Now you have to mount the partition that contains the root filesystem. In that example /dev/sda2 is the partition where Fedora-Linux is installed. You also have to mount the proc, dev and sys virtual filesystems this way:

root@sysresccd /root % mkdir /mnt/linux
root@sysresccd /root % mount /dev/sda2 /mnt/linux
root@sysresccd /root % mount -o bind /proc /mnt/linux/proc
root@sysresccd /root % mount -o bind /dev /mnt/linux/dev
root@sysresccd /root % mount -o bind /sys /mnt/linux/sys

The mount -o bind command makes something that looks like a symbolic link. For instance the directory /mnt/linux/proc is an access to the real primary directory which is /proc

Now we have to chroot to /mnt/linux. Chroot is a very powerful command: it gives the programs the illusion that the root of the system is /mnt/linux. This means that each time a program reads a file such as /bin/ls it will use /mnt/linux/bin/ls instead. Chroot is required because we want to execute commands from the Linux installation from the disk, as if it was the current root. Chroot only has an effect on the current shell and on all the commands that you will run from that shell. In has no effect on the other programs which are already running from SystemRescue.
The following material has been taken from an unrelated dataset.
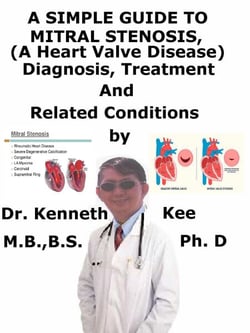 A  Simple  Guide to  Mitral Stenosis (A Heart Valve Disease),  Diagnosis, Treatment  and  Related Conditions
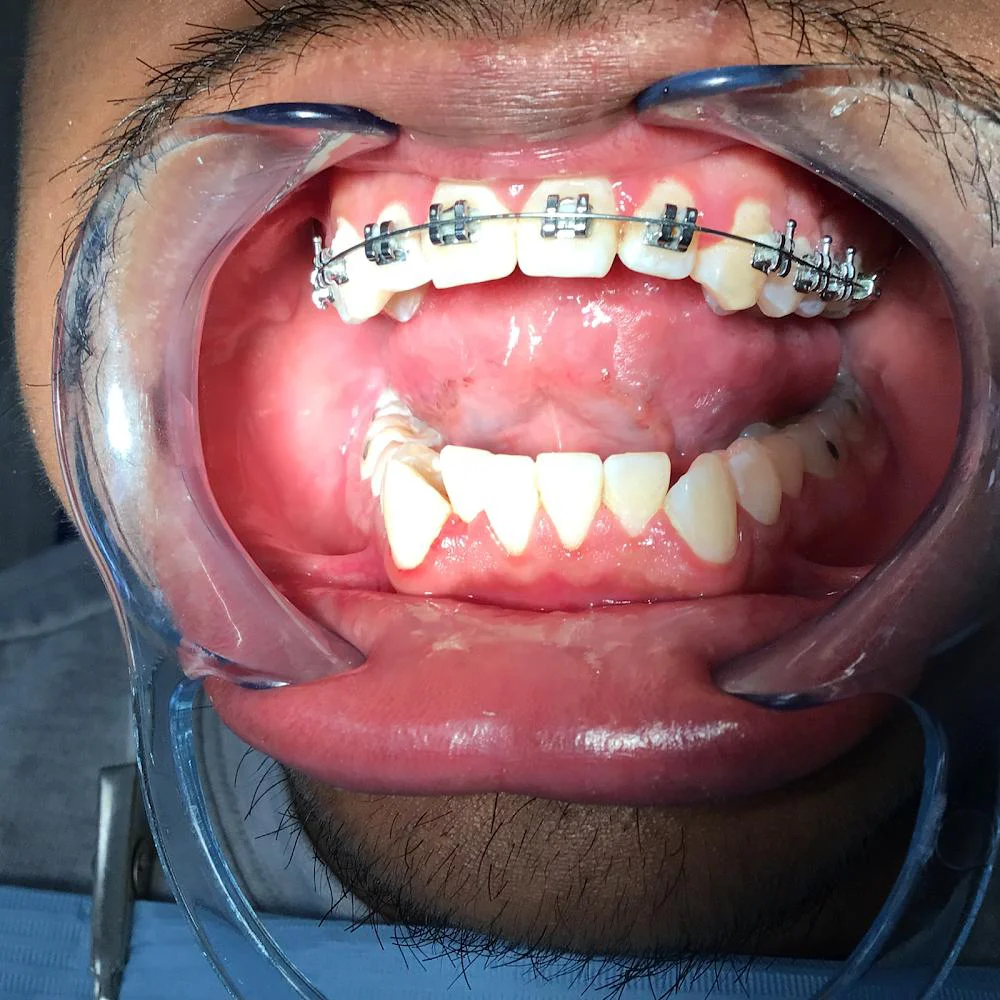 Super Smile Orthodontics - Orthodontist & Invisalign in Corona 4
root@sysresccd /root % chroot /mnt/linux /bin/bash

If the contents of /boot is on a separate partition (if /boot is currently empty) you have to mount it:

[root@sysresccd /]# ls -l /boot/
total 0
[root@sysresccd /]# mount /dev/sda1 /boot/
[root@sysresccd /]# ls -l /boot/
-rw-r--r--. 1 root root   97567 2009-05-27 22:25 config-2.6.29.4-167.fc11.i586
drwxr-xr-x. 2 root root    1024 2009-11-14 18:57 grub
-rw-------. 1 root root 2944107 2009-06-14 11:08 initrd-2.6.29.4-167.fc11.i586.img
-rw-r--r--. 1 root root 1257178 2009-05-27 22:25 System.map-2.6.29.4-167.fc11.i586
-rwxr-xr-x. 1 root root 3035056 2009-05-27 22:25 vmlinuz-2.6.29.4-167.fc11.i586

Now you can run grub-install to repair Grub. The first argument it takes is the name of the disk where to reinstall Grub. See the previous section for more details.
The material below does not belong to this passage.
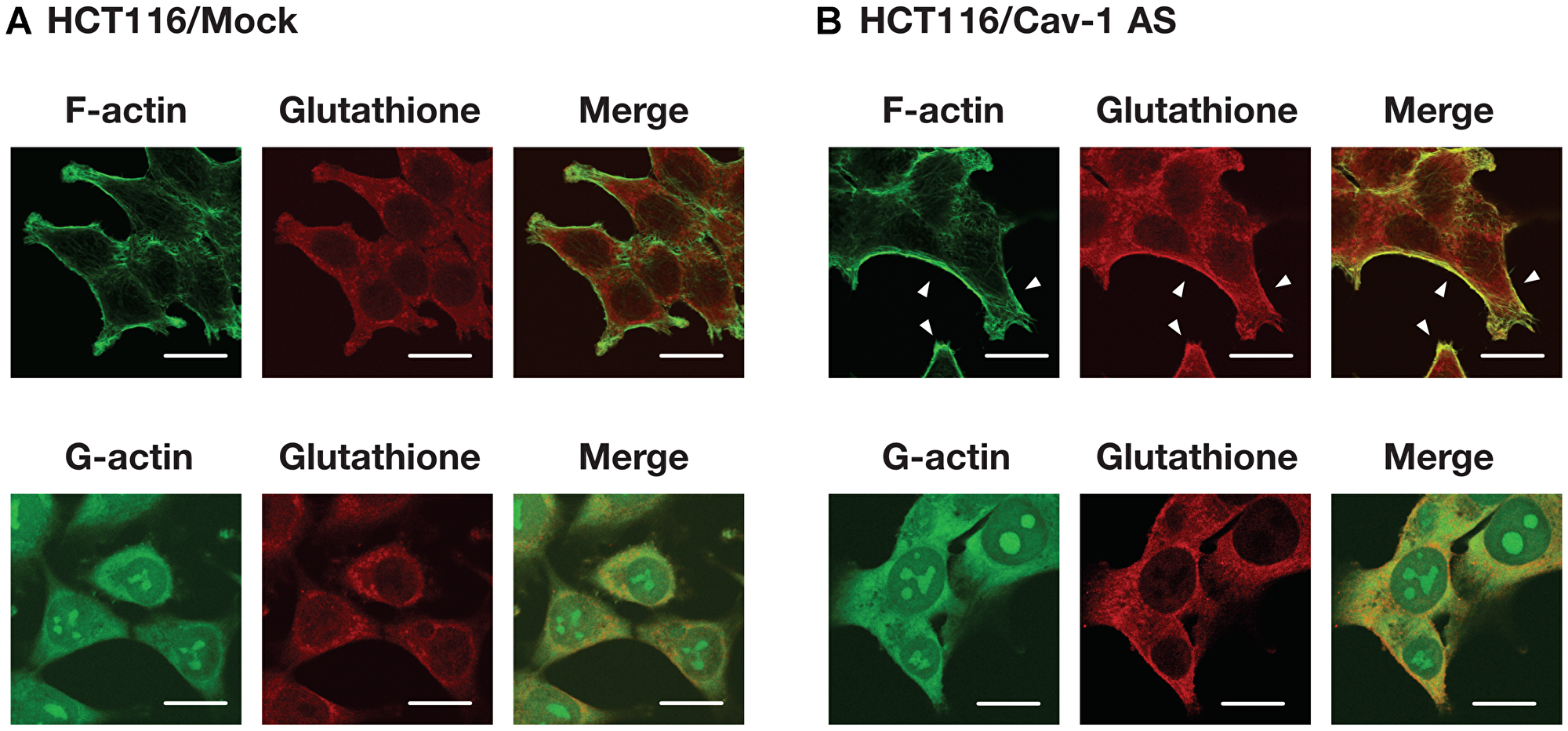 Cellular distribution of actin and S-glutathionylated protein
[root@sysresccd /]# grub-install /dev/sda
Installation finished. No error reported.
This is the contents of the device map /boot/grub/device.map.
Check if this is correct or not. If any of the lines is incorrect,
fix it and re-run the script `grub-install'.
# this device map was generated by anaconda
(hd0)     /dev/sda

Once Grub has been reinstalled, you can type exit to leave the chroot environment.

[root@sysresccd /]# exit
exit

Then unmount all the filesystems properly:

root@sysresccd /root % umount /mnt/linux/{dev,proc,sys}
root@sysresccd /root % umount /mnt/linux/boot
root@sysresccd /root % umount /mnt/linux/

You can now reboot your computer, Grub should work.